AWS is a vast and sprawling set of services. It can be hard to find the hidden gems like this one so I wanted to point this one out.
Structured metrics are very helpful to monitoring the health and function of an software system.
- Do you want to know how long a particular transaction typically takes?
- How fast your database queries are?
- How long external APIs take to respond?
- Fire an alert when a particular function on the site happens too many times? Or too few times?
...plus a million other things specific to whatever system you're working on.
There are a lot of great tools for doing this and one that you might not know about is AWS CloudWatch Metric Filters. If you're already on AWS then you should consider these because it requires only that your application logs to CloudWatch.
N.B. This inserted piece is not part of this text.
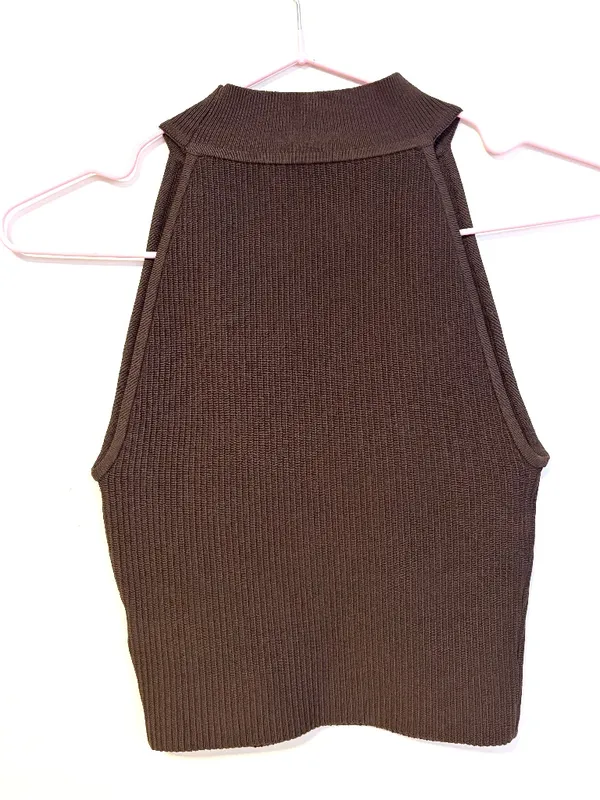 Babaton Aritzia Sleeveless Mock Neck Ribbed Knit Crop Top Brown Womens Size XS - Image 2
If you're on ECS then the awslogs log driver for Docker gets you that nearly for free. By "free" I mean that your application itself can have zero dependencies on AWS services and not require any AWS credentials or libraries to start pumping out metrics that you can visualize, alert on and record over time.
The AWS docs themselves offer the canonical reference for configuring these so I won't go into detail here.
However, the gist is that for a log filter you define the following properties
- A filter pattern for extracting a discrete metric value out of a log entry
- A metric name to store the value in
- An optional dimension for sub-classifying the value
- And finally a log group to extract the metric values from
After that you just run the application and as the logs roll in the metric values get pumped out. Then you can define alarms for alerting on them, graph them, define autoscaling rules from them and more.
To conclude - AWS is big and hairy. While there are benefits to staying platform agnostic, some AWS services don't require much or any coupling of your application code to take advantage of. Cloudwatch Metrics is one of those services and you can get a lot of value out of it with not much effort.